** Action item **
Print the data exactly as written, but leave out each picture.
--- START ---
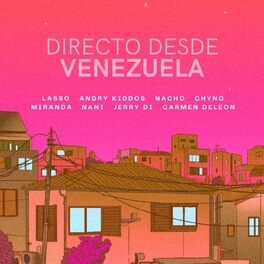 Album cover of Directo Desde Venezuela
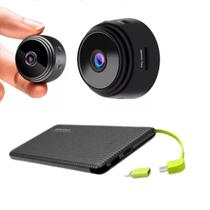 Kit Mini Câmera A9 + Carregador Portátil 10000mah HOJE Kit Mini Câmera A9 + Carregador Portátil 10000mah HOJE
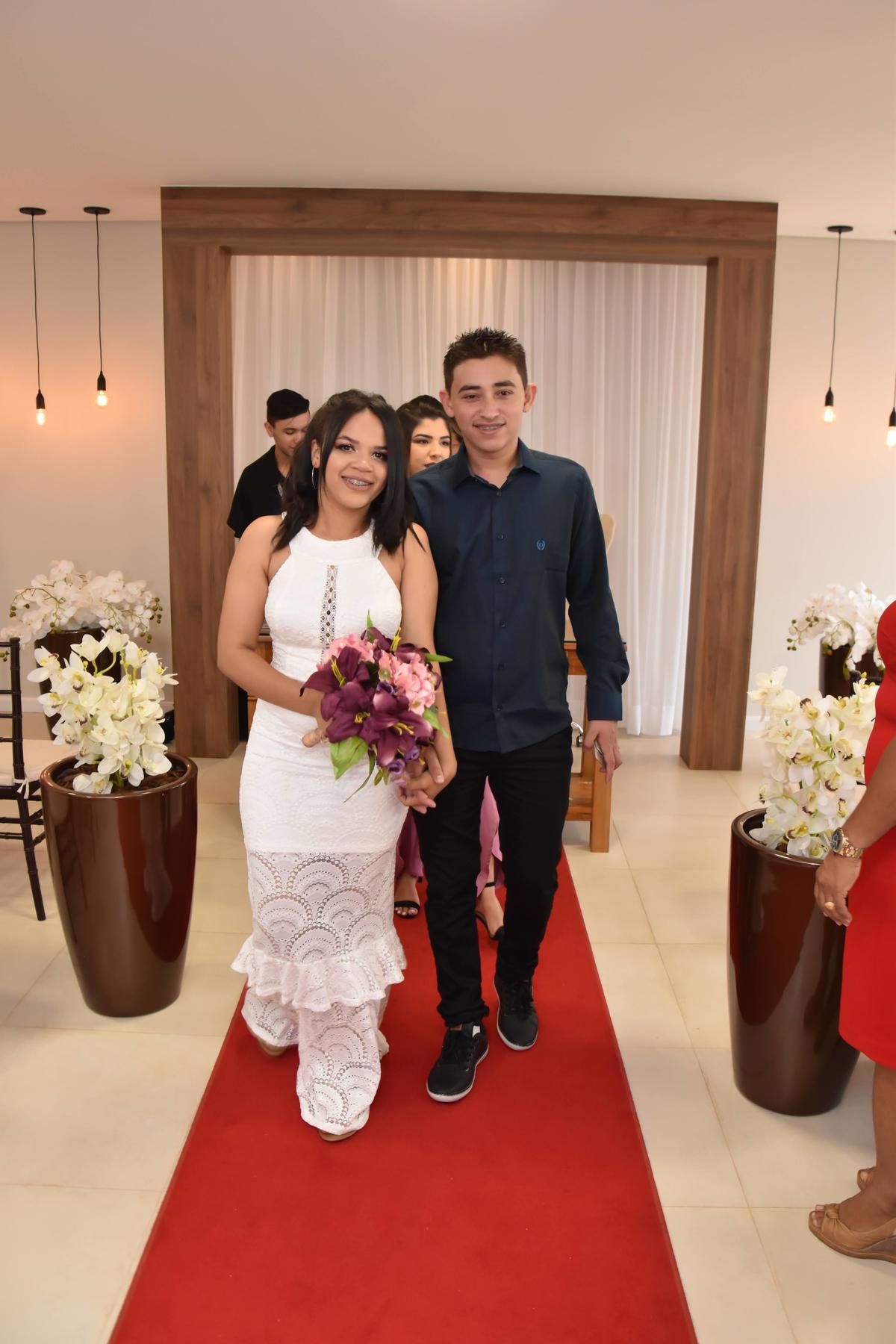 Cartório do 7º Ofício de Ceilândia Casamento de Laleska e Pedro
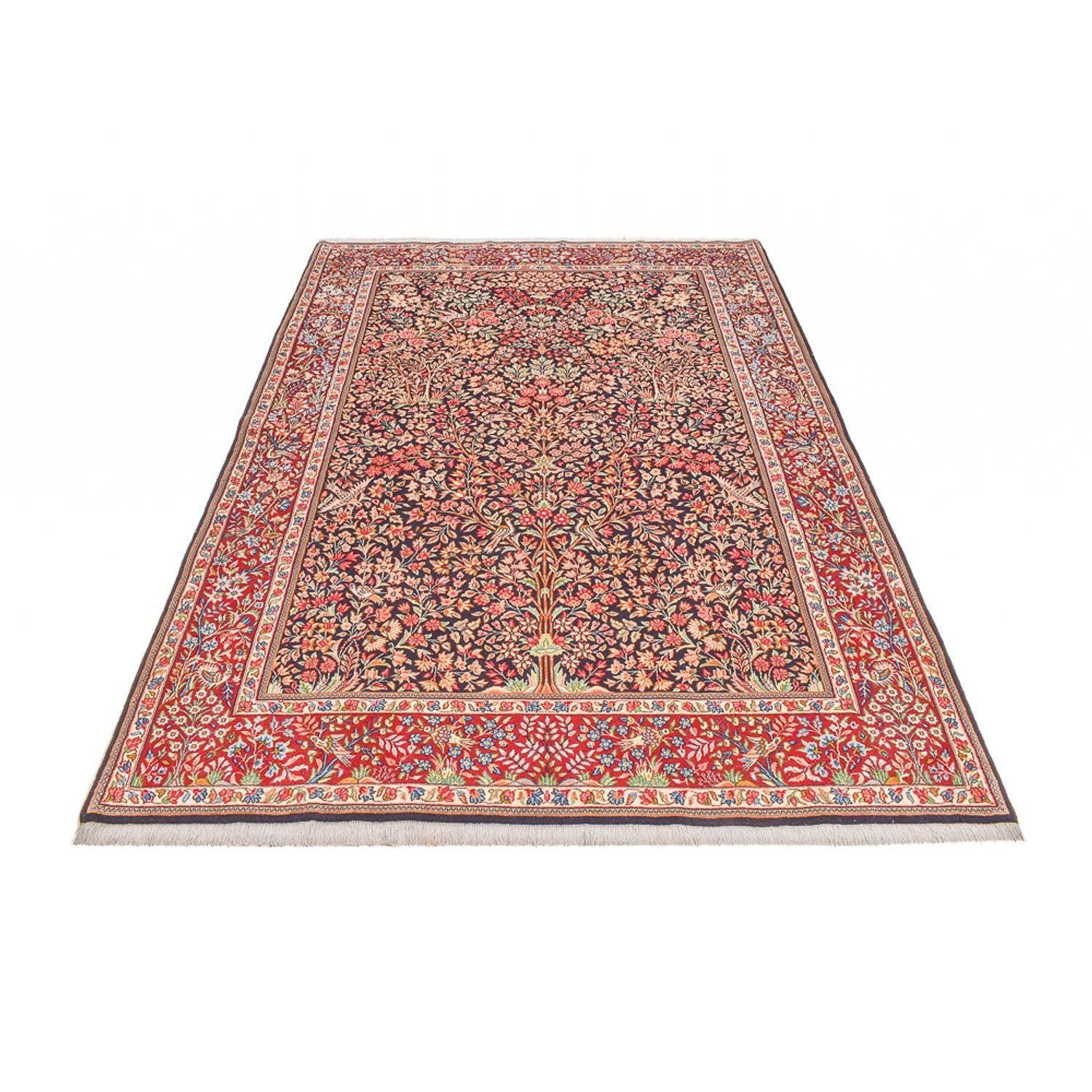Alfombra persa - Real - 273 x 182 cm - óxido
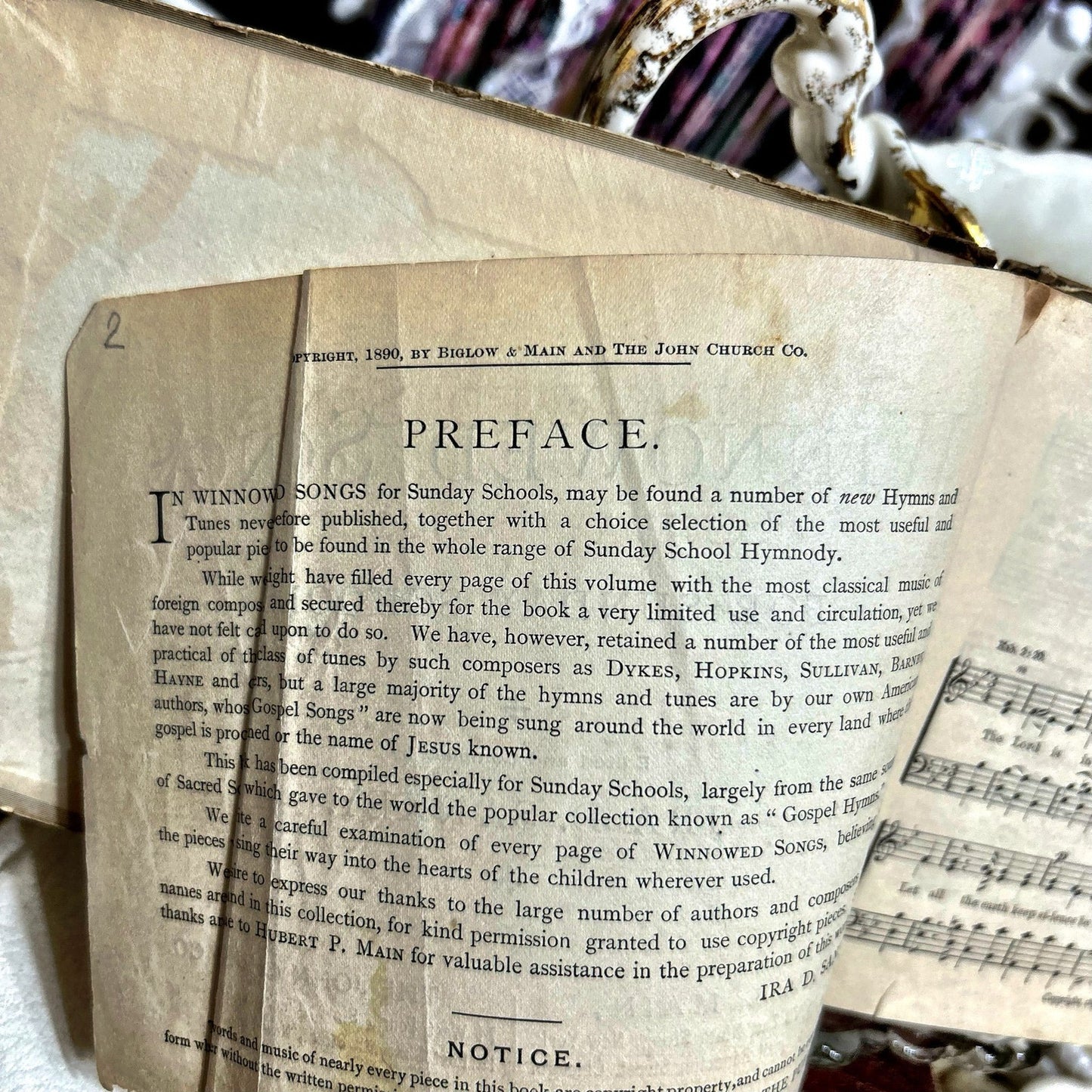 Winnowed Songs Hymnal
--- END ---
** Answer section **
 Album cover of Directo Desde Venezuela
 Kit Mini Câmera A9 + Carregador Portátil 10000mah HOJE Kit Mini Câmera A9 + Carregador Portátil 10000mah HOJE
 Cartório do 7º Ofício de Ceilândia Casamento de Laleska e Pedro
Alfombra persa - Real - 273 x 182 cm - óxido
 Winnowed Songs Hymnal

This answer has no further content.